Names had weight in this world.

I learned that not from lessons or books, but from the way servants spoke—how their voices lowered at certain doors, how their backs straightened when particular footsteps echoed through the halls.

Those footsteps were steady.

Heavy.

Unhurried.

My father's.

Dinner that night was formal.

I sat in a high-backed chair far too large for my small body, cushions carefully placed so I wouldn't slip. The long table stretched endlessly, polished until it reflected the chandelier's light.

Servants stood in silence along the walls.

My mother sat beside me, composed and elegant, her violet hair tied neatly back. My father sat at the head of the table, his presence alone enough to quiet the room.

An older man stood before him, holding a thin ledger.

"The preparations are complete, my lord," he said with a deep bow. "By tomorrow evening, the announcement will have reached every major territory."

Tomorrow.

The word settled heavily in my chest.

My father nodded once.

"Good. Tomorrow, the world will know."

The world.

My mother glanced at me, her expression soft but resolved.

"It's time," she said quietly.

The man turned toward me and bowed again—this time lower.

"To think the young master has grown so well," he said. "The blood of House Atradiés runs strong."

Atradiés.

The name struck something deep inside me.

Not familiarity.

Weight.

My father finally spoke again.

"Listen carefully," he said, his gaze fixed on me—not harsh, not gentle. "Even if you do not understand everything now, remember this moment."

I met his eyes.

Grey against steel.

"I am Duke Alaric Atradiés," he said. "Lord of the northern territories and head of House Atradiés."

A duke.

So that was it.

Not close to power.

At the center of it.

My mother placed a hand on my shoulder.

"And I am Elena Atradiés," she said. "Your mother."
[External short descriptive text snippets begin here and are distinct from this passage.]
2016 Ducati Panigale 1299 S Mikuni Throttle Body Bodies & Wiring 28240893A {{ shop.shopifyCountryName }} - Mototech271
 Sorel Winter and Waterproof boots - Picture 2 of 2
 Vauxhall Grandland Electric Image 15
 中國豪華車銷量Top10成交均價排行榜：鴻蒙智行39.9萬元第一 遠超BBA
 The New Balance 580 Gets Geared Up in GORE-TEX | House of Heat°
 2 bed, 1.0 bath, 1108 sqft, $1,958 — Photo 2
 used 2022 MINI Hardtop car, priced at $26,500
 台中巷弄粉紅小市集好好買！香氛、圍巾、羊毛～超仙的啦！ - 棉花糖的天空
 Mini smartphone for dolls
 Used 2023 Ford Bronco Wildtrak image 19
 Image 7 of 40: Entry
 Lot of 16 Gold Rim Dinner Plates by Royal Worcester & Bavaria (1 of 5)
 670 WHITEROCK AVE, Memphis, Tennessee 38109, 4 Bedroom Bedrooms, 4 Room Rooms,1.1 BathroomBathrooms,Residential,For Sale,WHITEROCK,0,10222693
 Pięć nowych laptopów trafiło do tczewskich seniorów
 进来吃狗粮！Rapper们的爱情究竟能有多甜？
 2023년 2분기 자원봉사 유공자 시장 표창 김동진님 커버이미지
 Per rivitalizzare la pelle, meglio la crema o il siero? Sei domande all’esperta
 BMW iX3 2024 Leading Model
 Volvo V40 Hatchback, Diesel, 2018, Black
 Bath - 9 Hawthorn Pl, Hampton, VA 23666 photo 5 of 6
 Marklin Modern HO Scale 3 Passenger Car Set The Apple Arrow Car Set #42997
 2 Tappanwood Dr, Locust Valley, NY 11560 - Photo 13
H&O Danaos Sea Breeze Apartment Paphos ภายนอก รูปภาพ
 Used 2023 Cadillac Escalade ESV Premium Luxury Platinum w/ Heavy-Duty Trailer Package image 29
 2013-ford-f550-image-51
Then my father looked back at me.

"Tomorrow, your name will be announced to nobles, lords, and commoners alike," he continued. "It will be recorded. Observed."

The servants lowered their heads.

"Your name," he said, "is Amaniel Atradiés."

Amaniel.

The moment the name was spoken—

Something broke open in my mind.

Not a memory.

A feeling.

Cold.

Sharp.

Wrong.

A duke's son.

A public announcement.

A noble child revealed to the world.

I had read this.

My breath caught.

Not these names. Not this exact scene—but the structure.

The role.

I couldn't remember the title.

Couldn't remember the protagonist's face.

But I remembered one thing with terrifying clarity.

The duke's son was not the hero.

He was a villain.

Not the final one.

Not the most evil.

But a stepping stone.

A noble born into power who stood in the protagonist's way.

A character whose fall marked the beginning of something greater.

My hands trembled slightly.

I forced them still.

I couldn't remember how I died.

Only that I did.

Publicly.

I remembered betrayal.

Loss.

A name spoken with contempt.

And blood.

The room was still.

No one noticed the storm inside me.

They saw only a calm child, seated quietly between his parents.

But inside—

Daniel Smith felt fear for the first time since rebirth.

So this world wasn't just like a novel.

It was one.

And I wasn't the protagonist.

That night, alone in my room, I stared at the ceiling.

Daniel Smith had died nameless on a road.

Amaniel Atradiés would be announced to the world tomorrow.

A villain.

One whose story I couldn't remember—

Only that it ended badly.

"…Then I won't follow it," I thought quietly.

If the world expected me to fall—

I would make sure it didn't know how.